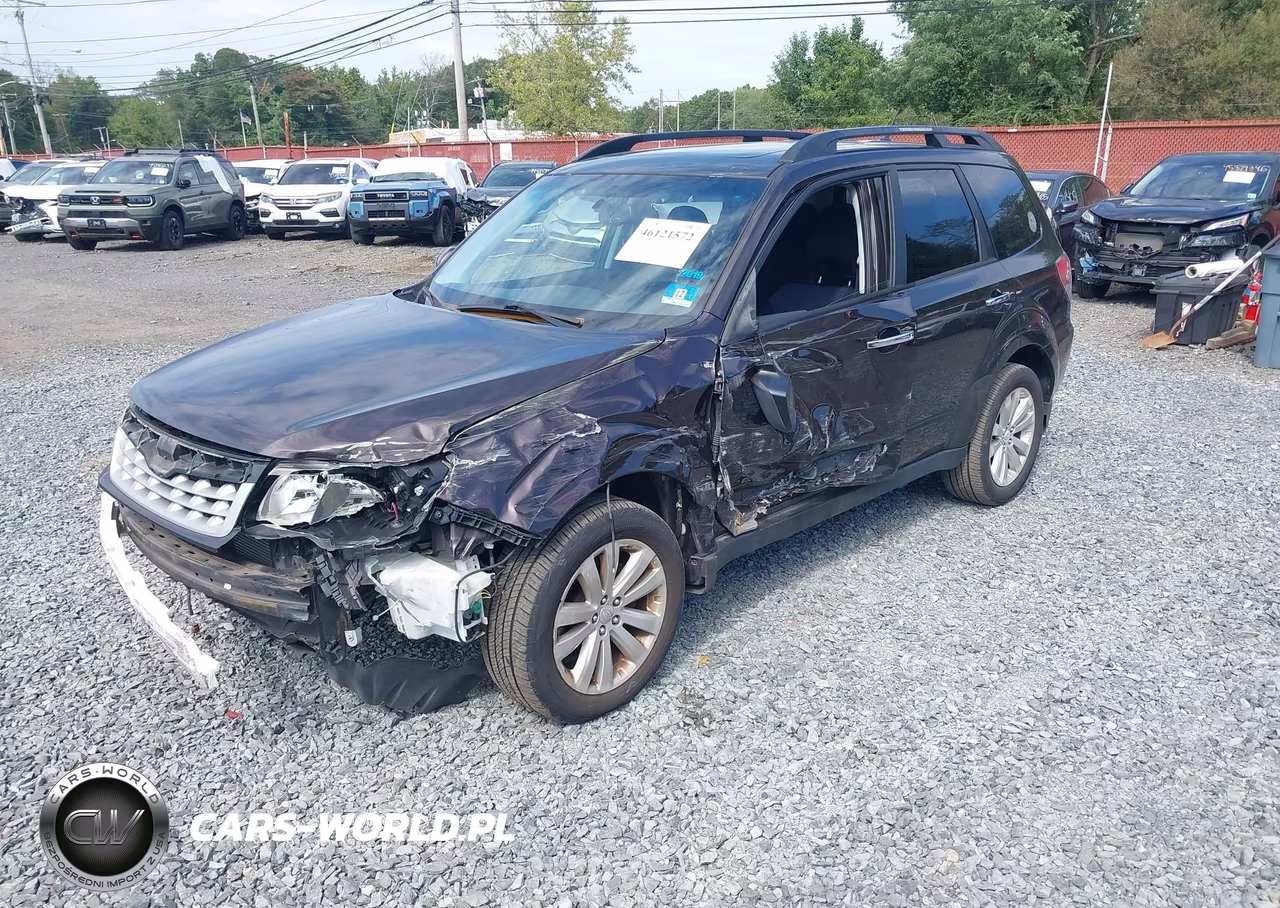 2013 Subaru Forester 2.5X Premium VIN:JF2SHADC3DH437141 - 2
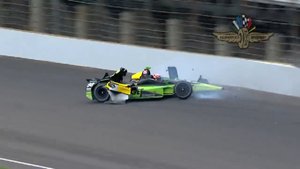 Авария на легендарной Indy 500 2014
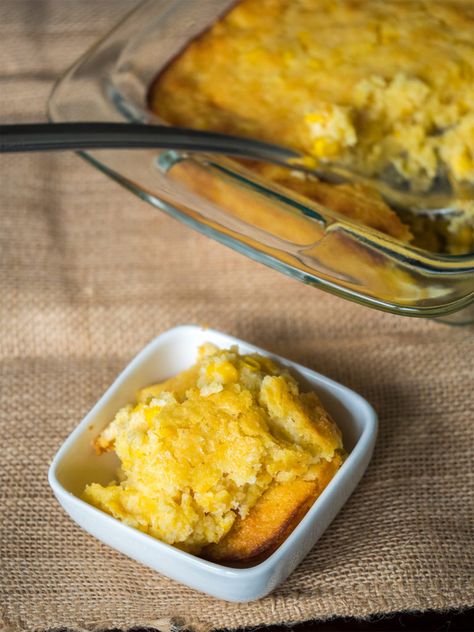 Sweet Corn Spoon Bread, Corn Spoon Bread, Bread Casserole, Jiffy Mix, Spoon Bread, Thanksgiving Side Dish, Biscuit Bread, Food Charlatan, Biscuit Rolls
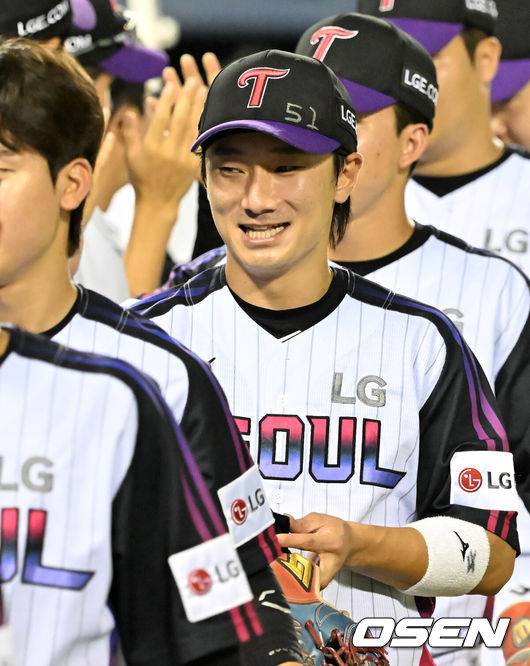 [OSEN=잠실, 민경훈 기자] 18일 오후 서울 잠실구장에서 ‘2025 신한 SOL BANK KBO리그’ LG 트윈스와 롯데 자이언츠의 경기가 열렸다.이 경기에서 LG는 롯데와 경기에서 2-1로 승리했다. 2위 LG는 3위 롯데와 간격을&nbsp;2경기 차이로 밀어냈다.&nbsp;LG 선발 손주영은 6이닝 7피안타 무사사구 3탈삼진 1실점으로 호투했다. 박동원이 동점 솔로 홈런, 이주헌이 역전 결승타를 터뜨렸다. 손주영에 이어 7회 이정용, 8회 김진성, 9회 유영찬이 1점 차 리드를 지켜냈다.&nbsp;경기를 마치고 LG 신민재가 코치진들과 하이파이브를 하고 있다. 2025.07.18 / rumi@osen.co.kr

********************

**Brief**: Word for word, repeat the lines above from the one with "Авария на легендарной Indy 500 2014" through the one with "Sweet Corn Spoon", and nothing beyond them. Omit the pictures.

**Solution to the problem**:
 Авария на легендарной Indy 500 2014
 Sweet Corn Spoon Bread, Corn Spoon Bread, Bread Casserole, Jiffy Mix, Spoon Bread, Thanksgiving Side Dish, Biscuit Bread, Food Charlatan, Biscuit Rolls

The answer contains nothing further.